Exercise brief :: The entries that follow need to be reproduced exactly, minus any images.

Data records:

◇ ◇ ◇ ◇

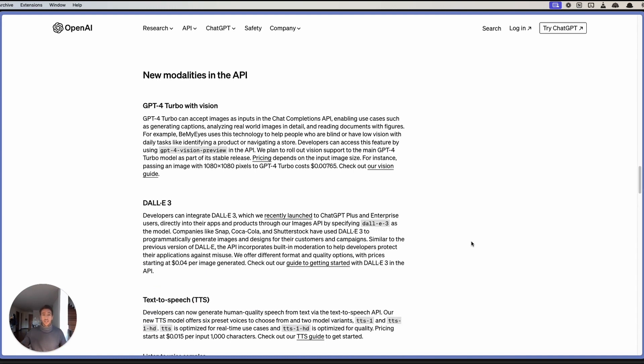In this way, you can use the API to access models such as GPT-4 Turbo with Vision, DALL-E to create images, or text-to-speech.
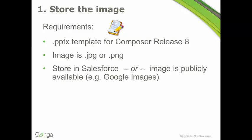Okay, so storing the image, you want to use a PPTX type of PowerPoint template. That's just one of the requirements. PPTX templates are the only ones that will work with Conga Composer Release 8. You also want to use a JPEG or PNG type of image, and then you can either store the image in Salesforce or on a publicly accessible web server like Google Images.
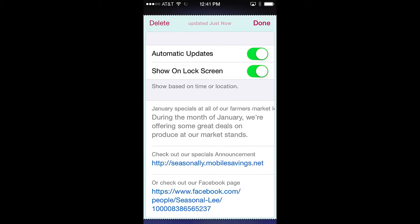Below these pass controls are the additional data fields that are included in the pass. These can contain all sorts of dynamic information. For example, special offers can be described, and live links provide access to a rich variety of web content.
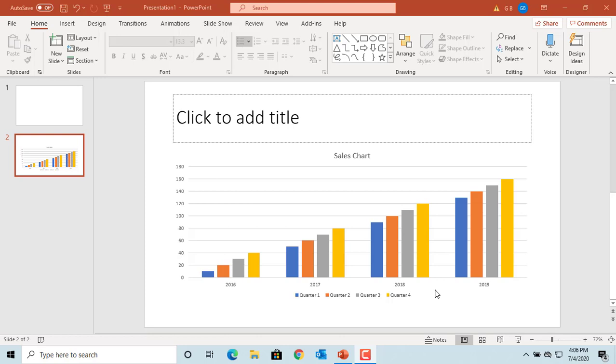You can omit data from displaying on a chart without changing your data grid. See this example chart which displays sales data for a company from 2016 to 2019 for each quarter.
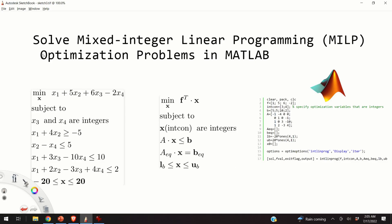Hello everyone! In this video I will explain how to solve mixed integer linear programming optimization problems in MATLAB. By watching this video you will learn what mixed integer linear programming optimization problems are.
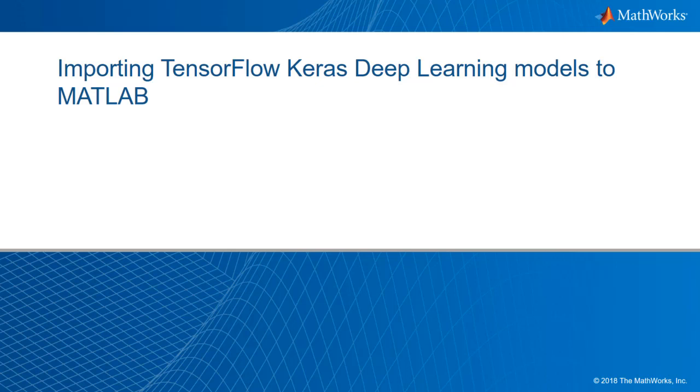In this video, we will import a pre-trained ResNet-50 TensorFlow Keras model that classifies images and run the same model in MATLAB without retraining.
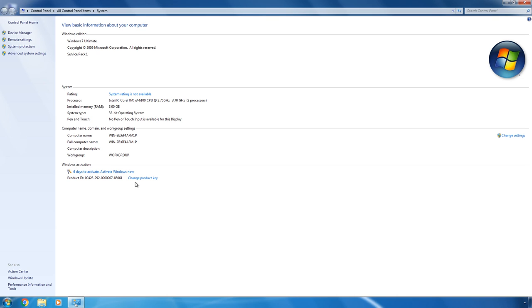This method to restore the previous version of Windows works during 10 days after updating to Windows 10. When the 10-day period is over, the previous version of the operating system, in our case Windows 7, can be restored only with a system image which you should create before updating to Windows 10 or after a clean installation.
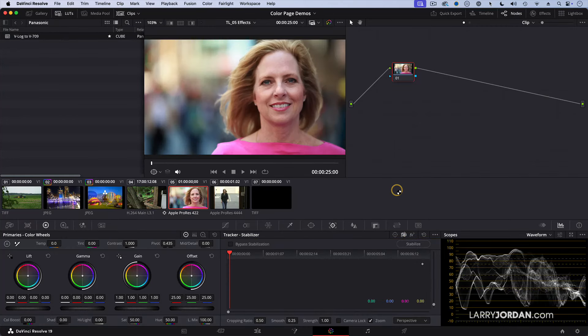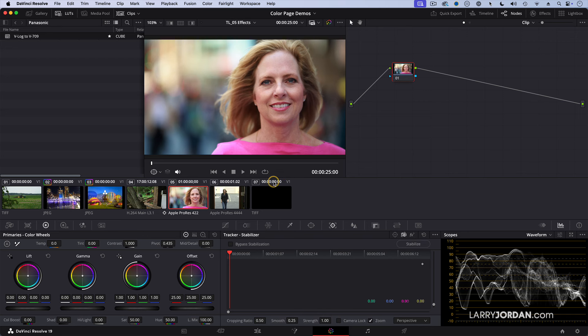Another example is this one. Remember, I said this mid-detail is something that doesn't exist inside Final Cut and Premiere. If we look at her face, she's a very attractive woman, but she's clearly not 20. And we'd like to make her a little either older or younger.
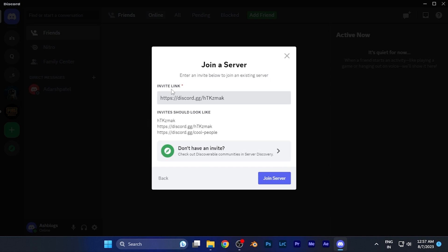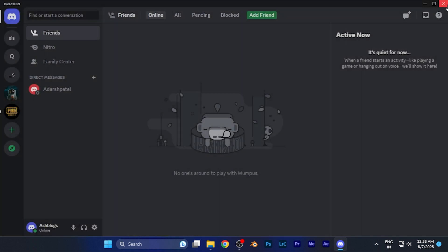Now, here you're going to see a dialogue box open right in front of you where you need to simply paste the code. It could be in this form or in a custom URL form as well. If you have a particular invitation code, just simply paste that invitation code there and hit the 'join server' button. You'll find that particular server and easily join it.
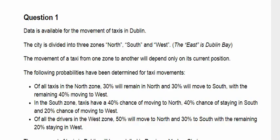Data is available for the movement of taxis in Dublin. The city is divided into three zones: north, south, and west. The east is Dublin Bay, which is the sea. The movement of a taxi from one zone to another will depend only on its current position.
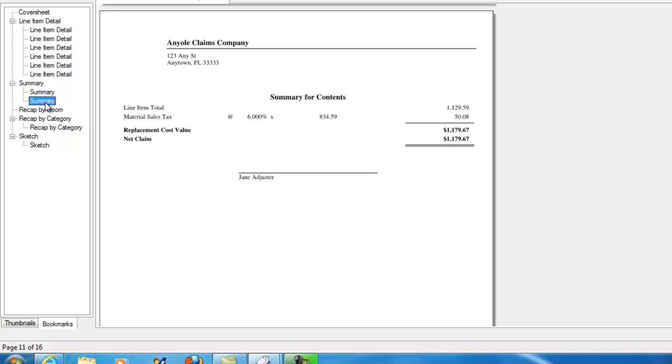So just again, what we did is we looked at a way to globally change and check to make sure that our coverage type is set correctly before we complete and submit an estimate to a company we're working for. Thank you.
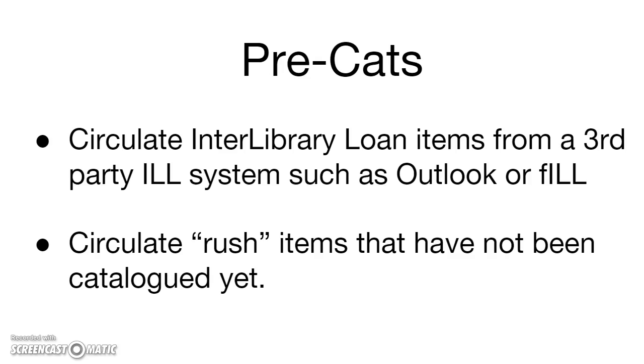Pre-catalogued items, also referred to as pre-cats, can be used to circulate interlibrary loan items from a third party ILL system such as Outlook or Fill, or to circulate rush items that have not been fully catalogued.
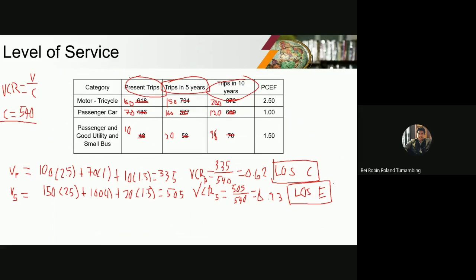So there is already a big difference from level of service C. It is no longer tolerable — you need to implement projects or provide alternative routes because congestion is building up at level of service E. There is too much volume of vehicles passing through. One possible solution is converting the road to one-way traffic so that all 6.8 meters can be used in one direction — but of course that may not always be feasible, so other solutions must be considered to improve the level of service.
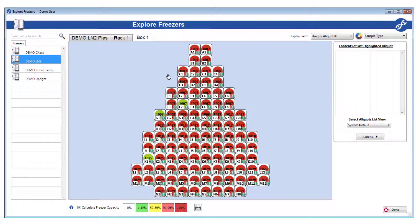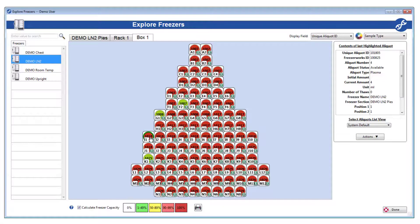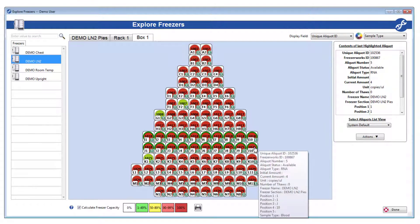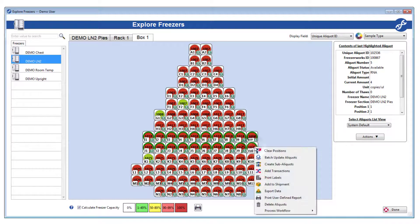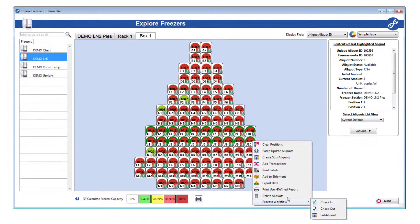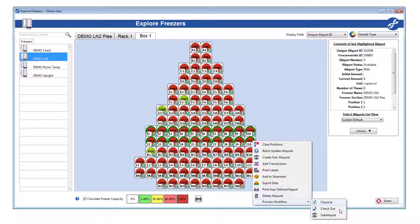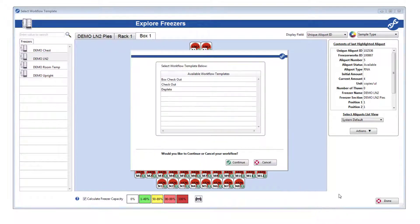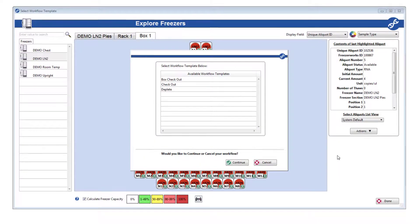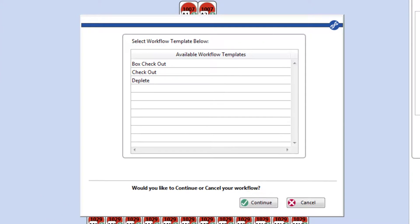Highlight them, then right-click, hover over Process Workflow, and select the type of workflow you want to run. We'll do a checkout, but feel free to try the other types. You'll then see a list of workflow templates that we have created for you. Select one, and click Continue.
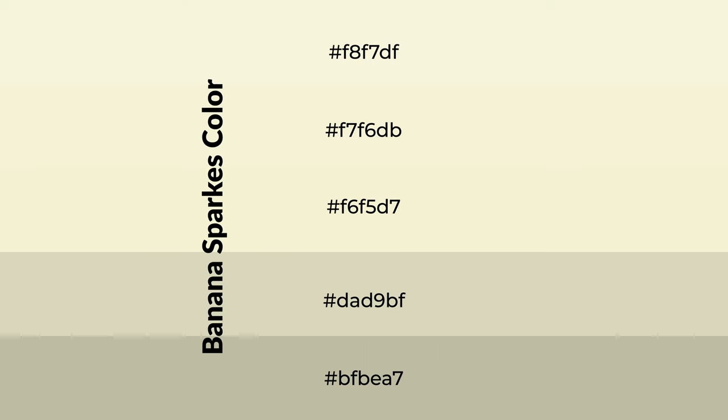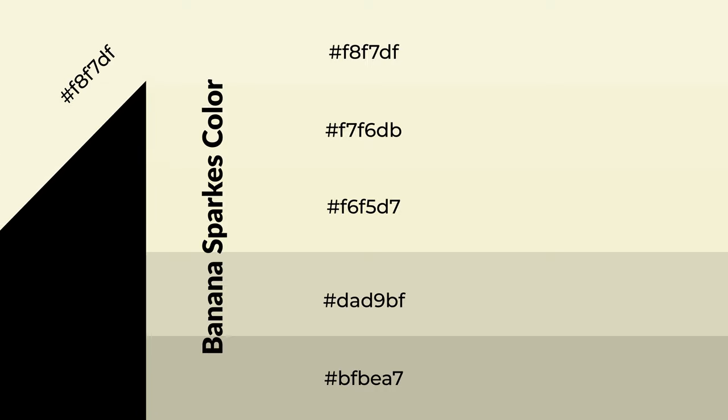To generate shades of a color, we add black to the color, and it is used in patterns, 3D effects, and layers. Shades create depth and drama.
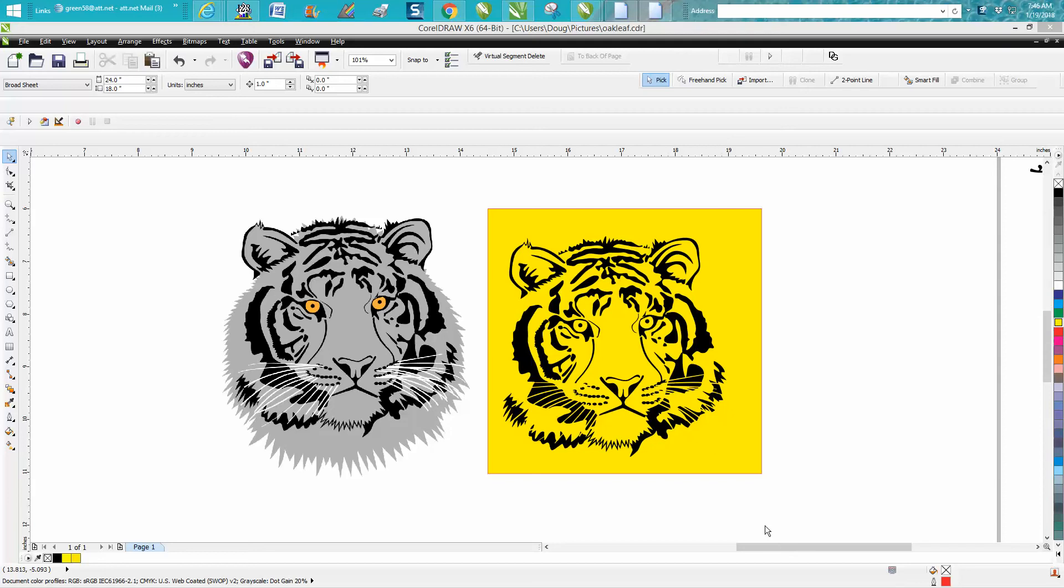Hi, it's me again with CorelDraw Tips and Tricks. This is a better way to trace clip art that has a little color in it.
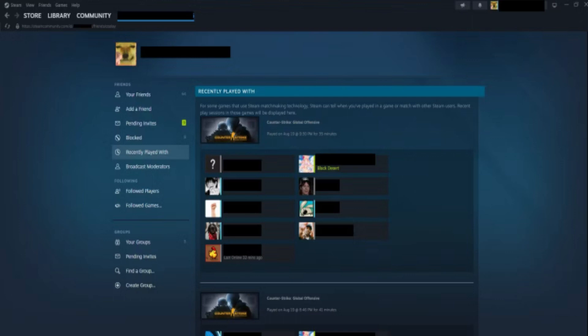So this is basically how you can find someone by their Steam ID. Thanks for watching.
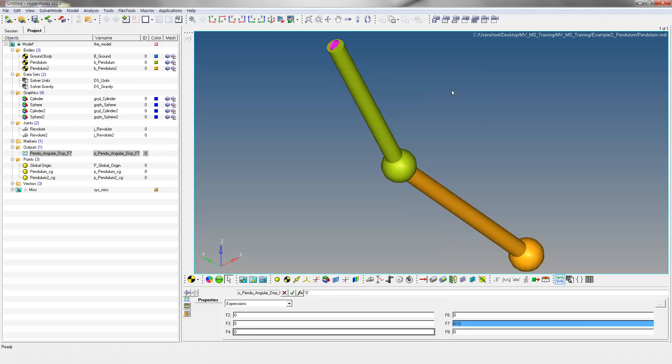Create another output request to output rotational displacement of a pendulum with respect to another pendulum.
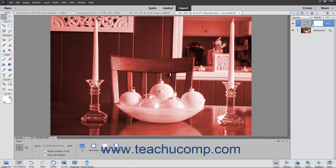When you add an adjustment layer or a fill layer to an image, note that the layers are added along with a linked layer mask. The layer mask appears to the right of the fill or adjustment layer within the Layers panel. A chain link icon appears between the layer and the layer mask to let you know that they are linked together.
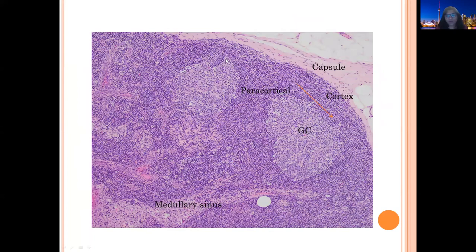This is a higher power view of the lymph node again. These are germinal centers, this is cortical tissue, paracortical tissue, and medullary sinuses. There is a nice capsule on the outside.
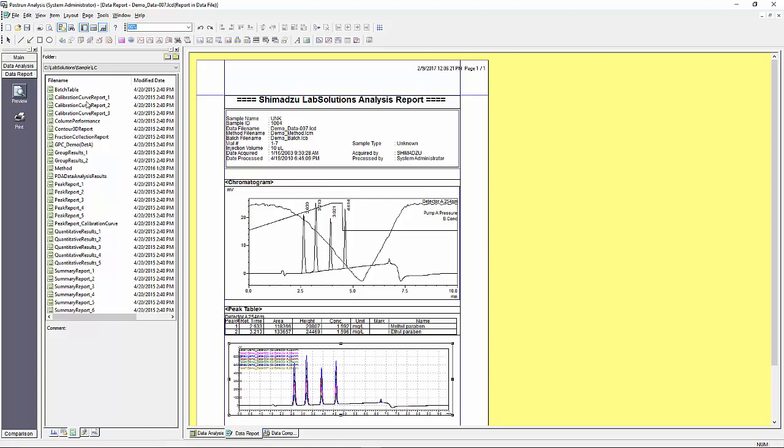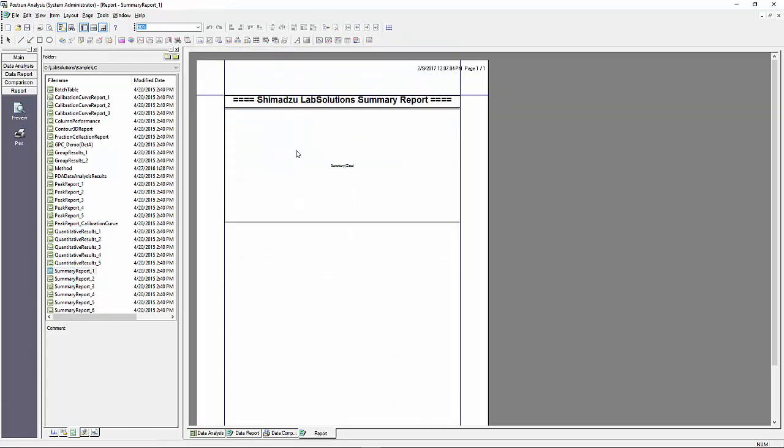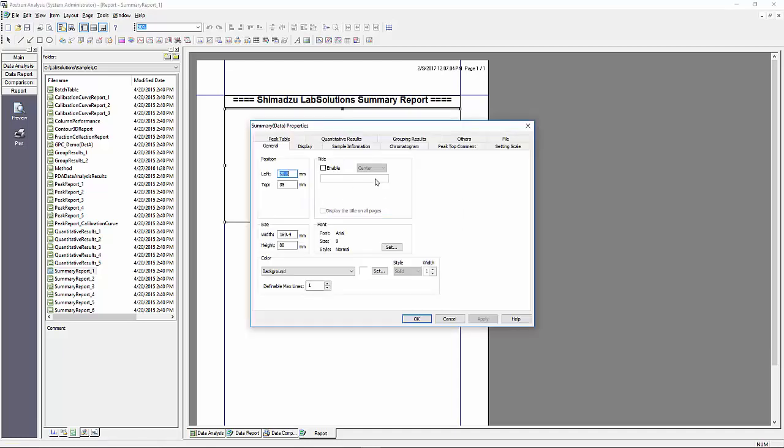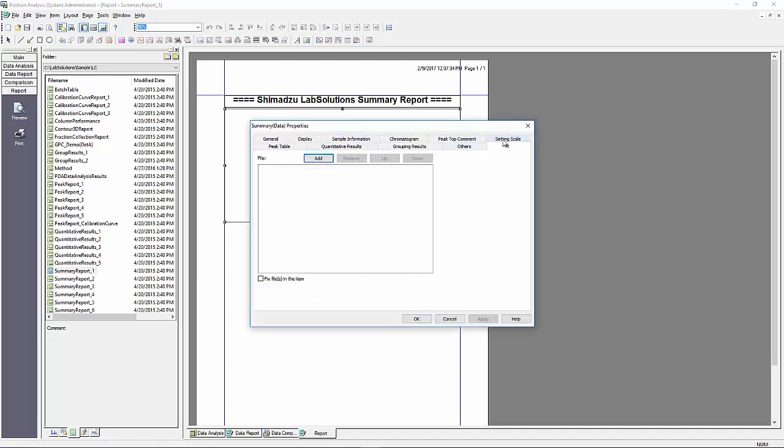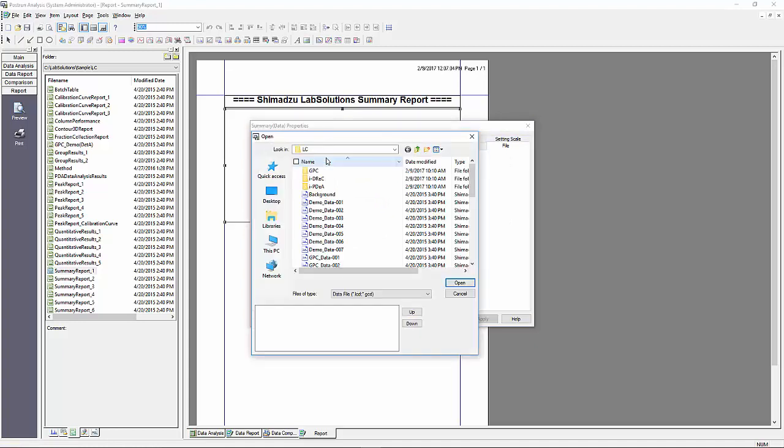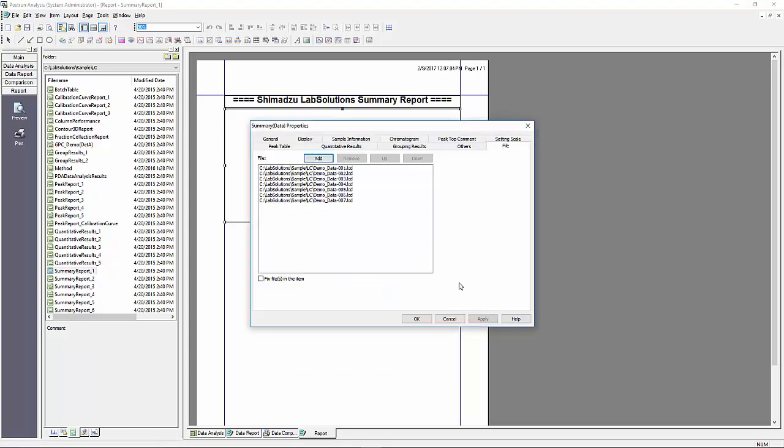These report templates have been made for you either as a final solution or as a starting point for you to make your own custom report template. They are intuitively named to reflect their purpose. In this case I am opening a summary report template. Once it is opened I will need to select the data files I would like to be used in this report. To do this go to properties and then select the file tab. Click on the add button and select the data files you would like to have included in the report.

◇ ◇ ◇ ◇

Reply to the exercise ::
In this way, you can use the API to access models such as GPT-4 Turbo with Vision, DALL-E to create images, or text-to-speech.
Okay, so storing the image, you want to use a PPTX type of PowerPoint template. That's just one of the requirements. PPTX templates are the only ones that will work with Conga Composer Release 8. You also want to use a JPEG or PNG type of image, and then you can either store the image in Salesforce or on a publicly accessible web server like Google Images.
Below these pass controls are the additional data fields that are included in the pass. These can contain all sorts of dynamic information. For example, special offers can be described, and live links provide access to a rich variety of web content.
You can omit data from displaying on a chart without changing your data grid. See this example chart which displays sales data for a company from 2016 to 2019 for each quarter.
Hello everyone! In this video I will explain how to solve mixed integer linear programming optimization problems in MATLAB. By watching this video you will learn what mixed integer linear programming optimization problems are.
In this video, we will import a pre-trained ResNet-50 TensorFlow Keras model that classifies images and run the same model in MATLAB without retraining.
This method to restore the previous version of Windows works during 10 days after updating to Windows 10. When the 10-day period is over, the previous version of the operating system, in our case Windows 7, can be restored only with a system image which you should create before updating to Windows 10 or after a clean installation.
Another example is this one. Remember, I said this mid-detail is something that doesn't exist inside Final Cut and Premiere. If we look at her face, she's a very attractive woman, but she's clearly not 20. And we'd like to make her a little either older or younger.
Now, here you're going to see a dialogue box open right in front of you where you need to simply paste the code. It could be in this form or in a custom URL form as well. If you have a particular invitation code, just simply paste that invitation code there and hit the 'join server' button. You'll find that particular server and easily join it.
Data is available for the movement of taxis in Dublin. The city is divided into three zones: north, south, and west. The east is Dublin Bay, which is the sea. The movement of a taxi from one zone to another will depend only on its current position.
So just again, what we did is we looked at a way to globally change and check to make sure that our coverage type is set correctly before we complete and submit an estimate to a company we're working for. Thank you.
Pre-catalogued items, also referred to as pre-cats, can be used to circulate interlibrary loan items from a third party ILL system such as Outlook or Fill, or to circulate rush items that have not been fully catalogued.
So there is already a big difference from level of service C. It is no longer tolerable — you need to implement projects or provide alternative routes because congestion is building up at level of service E. There is too much volume of vehicles passing through. One possible solution is converting the road to one-way traffic so that all 6.8 meters can be used in one direction — but of course that may not always be feasible, so other solutions must be considered to improve the level of service.
Highlight them, then right-click, hover over Process Workflow, and select the type of workflow you want to run. We'll do a checkout, but feel free to try the other types. You'll then see a list of workflow templates that we have created for you. Select one, and click Continue.
To generate shades of a color, we add black to the color, and it is used in patterns, 3D effects, and layers. Shades create depth and drama.
Hi, it's me again with CorelDraw Tips and Tricks. This is a better way to trace clip art that has a little color in it.
So this is basically how you can find someone by their Steam ID. Thanks for watching.
Create another output request to output rotational displacement of a pendulum with respect to another pendulum.
When you add an adjustment layer or a fill layer to an image, note that the layers are added along with a linked layer mask. The layer mask appears to the right of the fill or adjustment layer within the Layers panel. A chain link icon appears between the layer and the layer mask to let you know that they are linked together.
This is a higher power view of the lymph node again. These are germinal centers, this is cortical tissue, paracortical tissue, and medullary sinuses. There is a nice capsule on the outside.
These report templates have been made for you either as a final solution or as a starting point for you to make your own custom report template. They are intuitively named to reflect their purpose. In this case I am opening a summary report template. Once it is opened I will need to select the data files I would like to be used in this report. To do this go to properties and then select the file tab. Click on the add button and select the data files you would like to have included in the report.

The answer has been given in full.